EMPOZARSE EN LA ESCULTURA.
Vayamos más allá de la escultura. Prosigamos,
adelante, su viaje iniciático más allá del siglo XX. Transmutemos en cierto
modo, invirtamos. Desescultorizar la
escultura y no perder el sentido de su lírica emoción. La cosa, el ente, la nota
tangible de la materia; pero al tiempo su reconversión, su transubstanciación.
No perder la esencia escultural que es la contundente presencia ante el
espectador, y la capacidad de disolverse sin embargo. No se trata ahora de
hacer un lindo panegírico de estética albertiana, ni de defender, por encima de
todo, el volumen sobre la representación bidimensional de la pintura, asunto
que salpicó gran parte de la historia de occidente, desde el siglo XVI hasta el
XVIII. ¡Esa dichosa manía del clasicismo! Pero hablar de la obra de Cristina
Iglesias es hablar grosso modo -y no
tan a grosso modo- de la connatural problemática del hacer escultura. Es que la
escultura, tal vez junto con la danza, es la representación menos
representativa de las artes, y en tanto las demás artes luchan en cierto modo
contra la representación para mantenerse vivas, la escultura ha de luchar contra
ella misma para vivir y sobrevivirse. No
sigamos por aquí, sería continuar la senda del vértigo, de la teoría estética
hecha desde la nonada … así que desviemos el camino.

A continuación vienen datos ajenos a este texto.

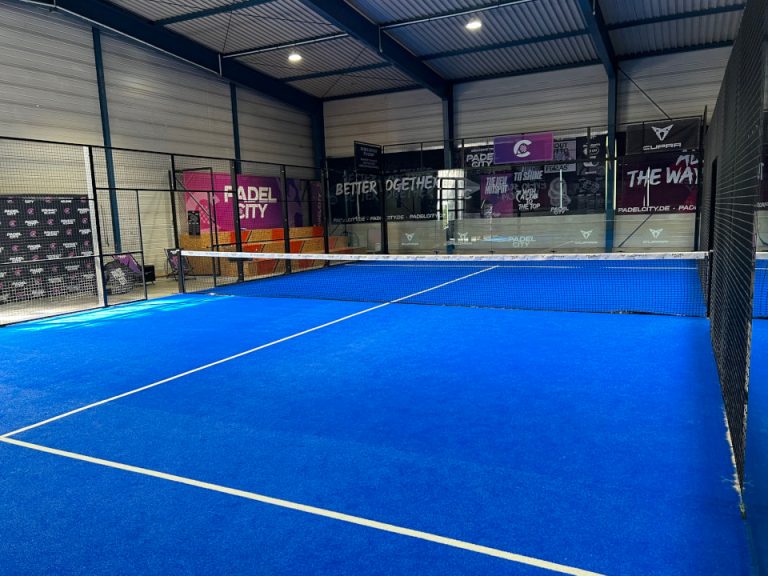 Indoor-Padelplatz mit blauem Spielbelag, Netz und transparenter Spielfeldabgrenzung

Mejor conformémonos con llevar la escultura un
tanto más allá. Quien conoce la obra de Cristina Iglesias (1956), Premio
nacional de artes plásticas, reconoce qué quiere decirse con eso de que se
mueven sus trabajos entre la forma
escultórica y la funcionalidad
arquitectónica, y que ahí, precisamente en esa dicotomía, radica su ir más
allá. Hay algo más grave en ella si cabe, y es que la escultura se torna
entorno. No es que haya un especial interés en generar interiores, no, no creo
que sea este el sentido de la –digamos- “muralidad arquitectónica” de su obra, eso
que ya pudo estar muy, muy de moda en la España de los 70. Lo que hay es un
especial interés en delimitar exteriores, en poner diques a la realidad, diques
estéticos.
Pero cuidado con estos diques, porque no son
ellos lo distintivo de esta obra. Los diques, celosías, planchas de relieves, los
espacios generados, cuanto hacen, no es segmentar, sino homologar una nueva
lectura de la realidad, del espacio en el que se aposentan.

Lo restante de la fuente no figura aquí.